La tragedia de Peterloo es una modélica obra asamblearia. Refleja un conjunto. Los personajes son lo que representan. Su posición en un escenario social, su clase, la posición que detentan. No hay protagonismo sino diversidad. No hay caracterización psicológica sino figuras emblemáticas. Y esa condición de representación conjuga el realismo con lo grotesco, mientras su elaborada y medida puesta en escena conjuga realismo y cualidad pictórica, con las medidas composiciones y las minuciosas caracterizaciones que singularizan a los personajes mediante maquillaje y vestuario. Son figuras en una pintura coral, como la que pintó Richard Carlile sobre la masacre. De todos modos, no se enfatiza esa condición de espacio de representación (de ideas o posiciones), en el que forcejean en disputa posiciones encontradas: el uso, breve, de dos canciones de una mujer sentada en un portal condensa la emoción en el impulso de sublevación. Predominan los planos generales, que alientan la precisa distancia de la reflexión, como la narración propulsa la dialéctica con la alternancia de los pareceres de las posiciones enfrentadas, o la misma diversidad, en el seno del movimiento por la reforma, o como les califican los representantes del poder que quieren anularles, los radicales (la vanidad de Hunt que remarca también su distinción de clase; la rivalidad que no logra disimular algún algún otro por disponer también de atención como orador). O las tácticas sibilinas del poder establecido: el uso de infiltrados para soliviantar los ánimos y propiciar sino acciones violentas al menos la incitación al levantamiento con armas, y así sirva de excusa para efectuar detenciones.

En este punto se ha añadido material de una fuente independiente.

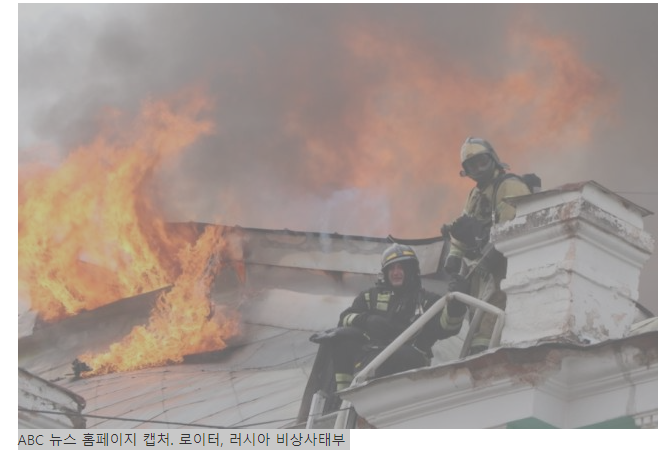 불길속 [심장 수술] 이어간 러시아 의사 ..환자 살렸다.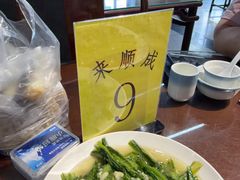-来顺成饭庄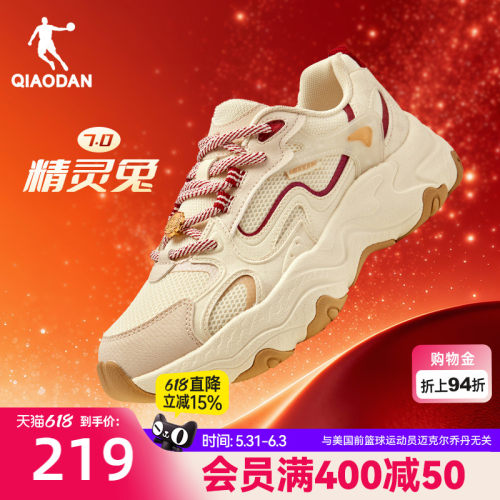 乔丹新年红色休闲鞋女运动鞋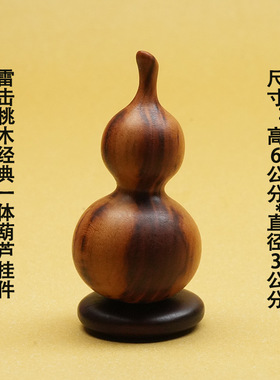 雷击木桃木雷纹镶银北斗七星葫芦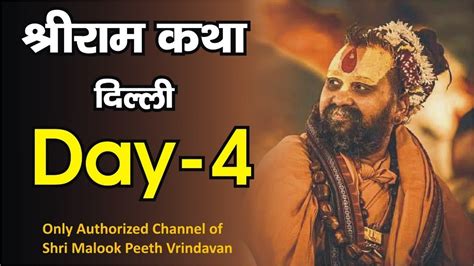 Live Shri Ram Katha By Pp Rajendra Das Ji Maharaj 20 July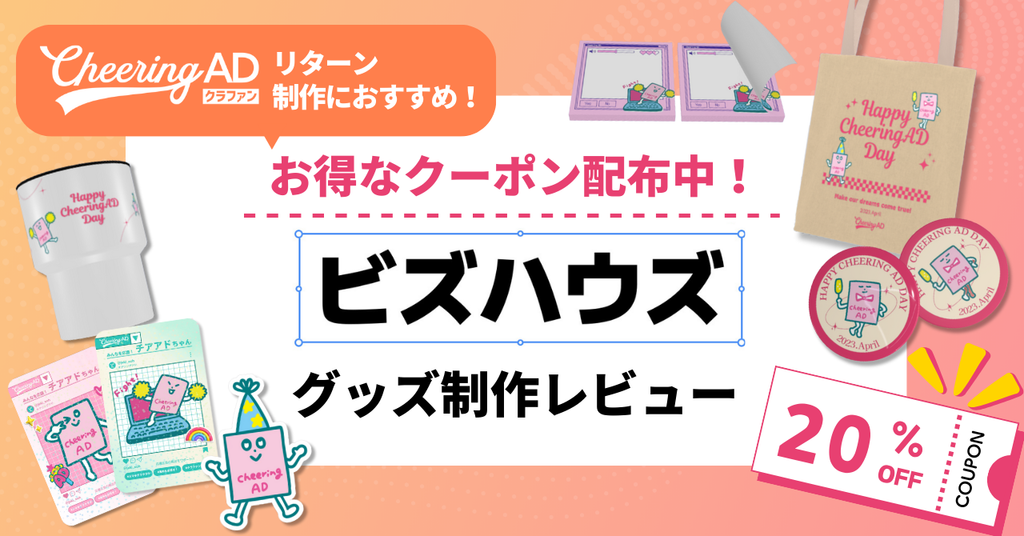 ビズハウズ使ってみた！グッズレポート偏【20％オフクーポン配布中】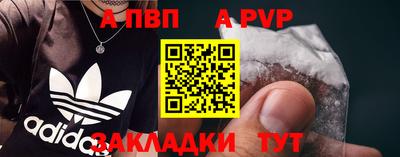 ECSTASY Донской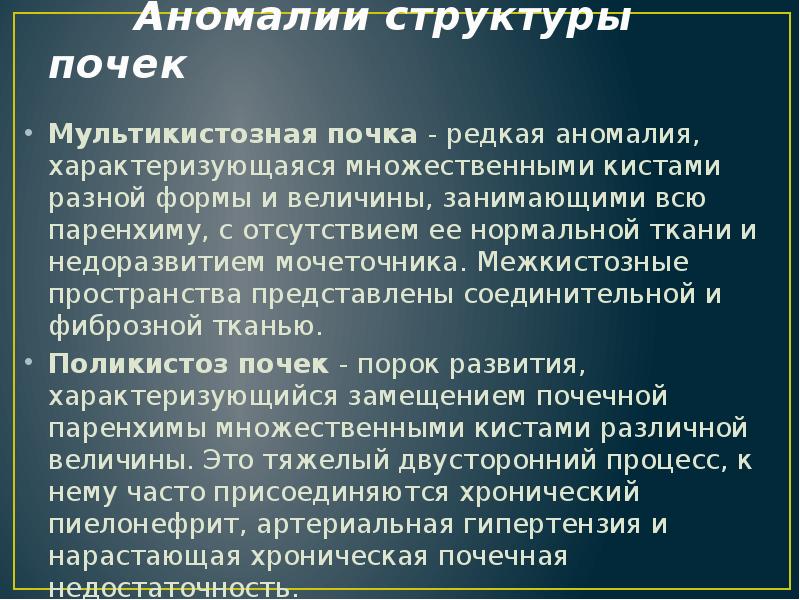 Аномалии мочеполовой системы презентация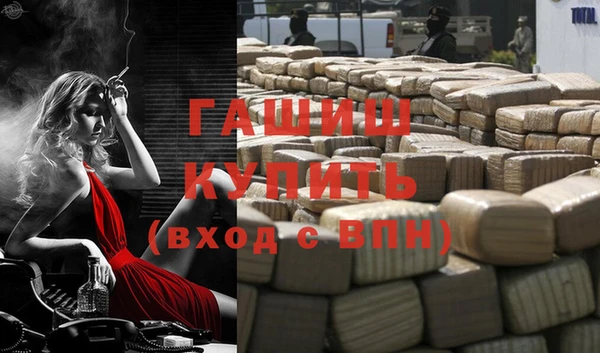 тгк Инсар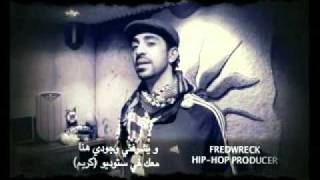 Tamer Hosny Come Back To me IN studio MASTER [upl. by Caria266]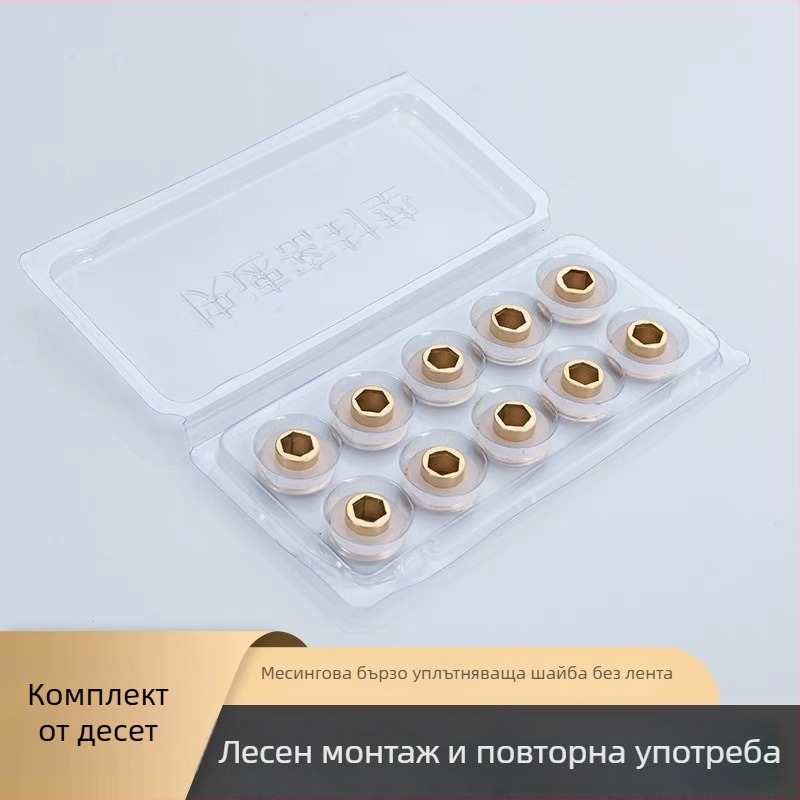 Силиконова уплътнителна шайба за баня – заменяема гарнитура за ъглов вентил и чешма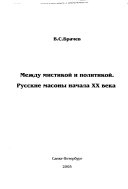 Между мистикой и политикой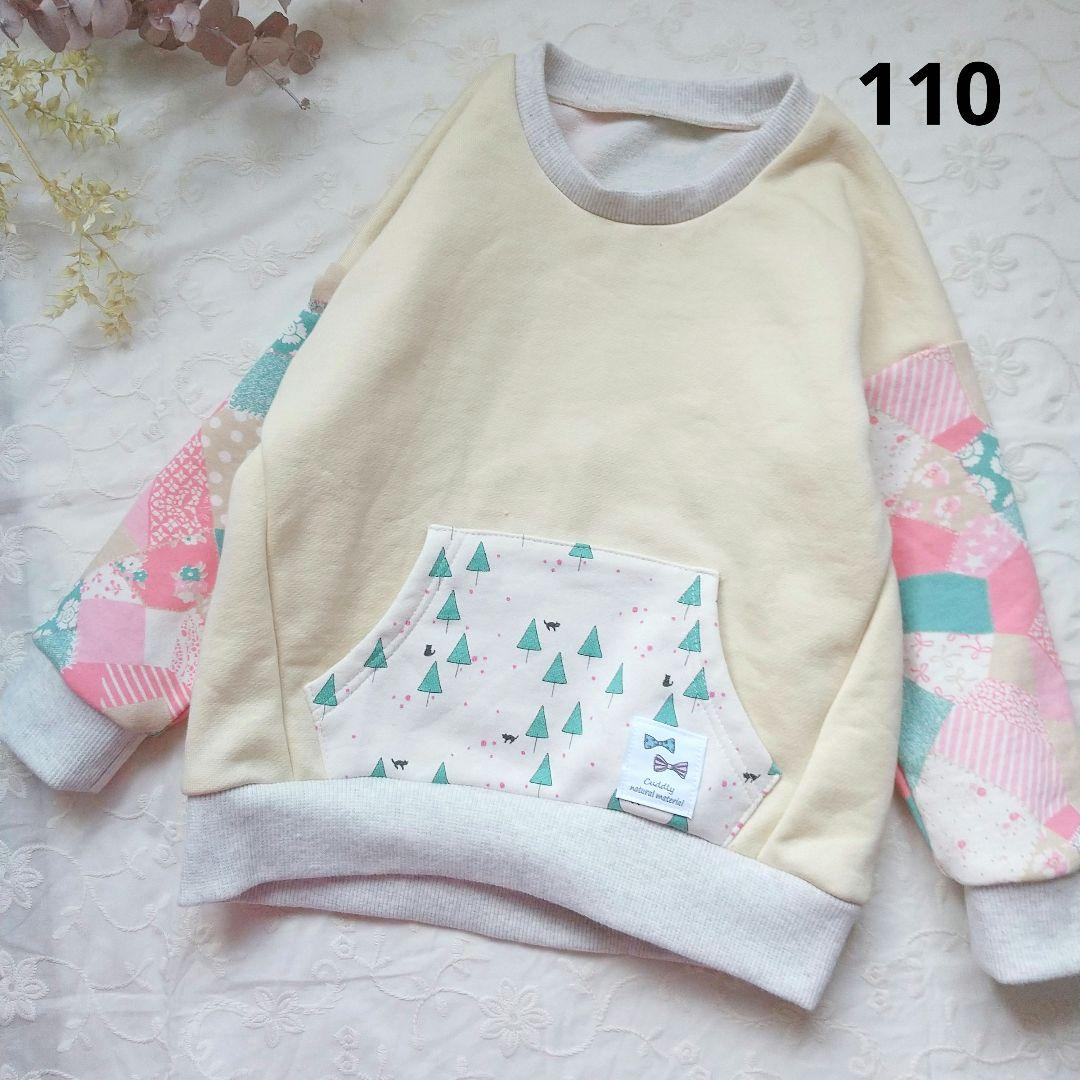 かわいやいちご様 リクエスト 5点 まとめ商品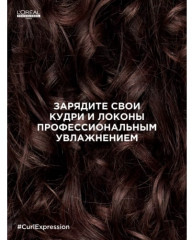 Шампунь для вьющихся и кудрявых волос интенсивно очищающий - Фото 6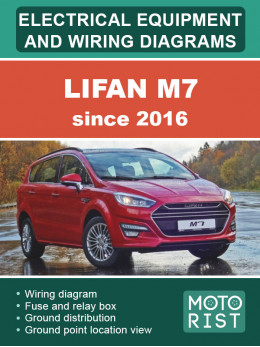 Lifan M7 з 2016 року, електрообладнання та кольорові електросхеми у форматі PDF (англійською мовою)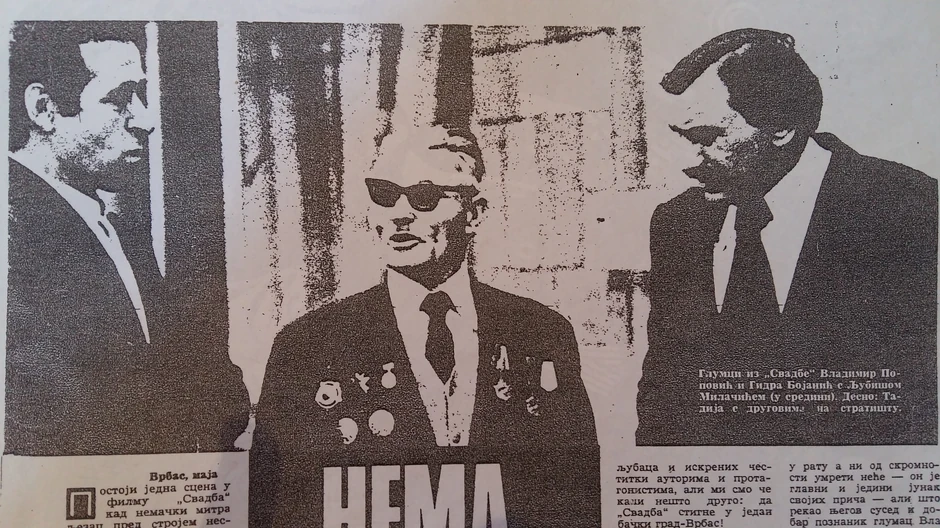 Gidra i Ljubiša na premijeri filma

Su eco no deja de proyectarse hacia nuestros días, pese a las mejoras en cuanto posibilidad efectiva de representación: ¿En qué medida representan al ciudadano medio, de modo efectivo, los representantes del poder, o en qué medida satisfacen las necesidades demandadas?¿O acaso impera el desajuste?. La discrepancia o disensión sigue siendo necesaria, como la reclamación de los derechos en una sociedad aún constituida, de modo más velado, por diferencias de clases y desproporción en la distribución de riqueza (o acceso a privilegios). En este sentido, La tragedia de Peterloo es una obra, como en general la incisiva filmografía de Leigh plantea en cualquier escala (sea la de las relaciones afectivas o de un conjunto social), que intenta mantener despierta la consciencia de la necesidad de una actitud reformista, liberadora de cualquier tipo de congestión (en la manifestación de las emociones o la reclamación de derechos), un permanente impulso de transformación de un conjunto social que supere la restricción de la prioritaria preocupación por la supervivencia en la particular, o ensimismada, parcela individual. Es el aliento de obras como la excepcional La Comuna (Paris 1871) (2000), de Peter Watkins o el notable documental El espíritu del 45 (2013), de Ken Loach. Una y otra pasaron desapercibidas, o fueron arrinconadas sin casi difusión. La tragedia de Peterloo es otro (riguroso) nuevo intento.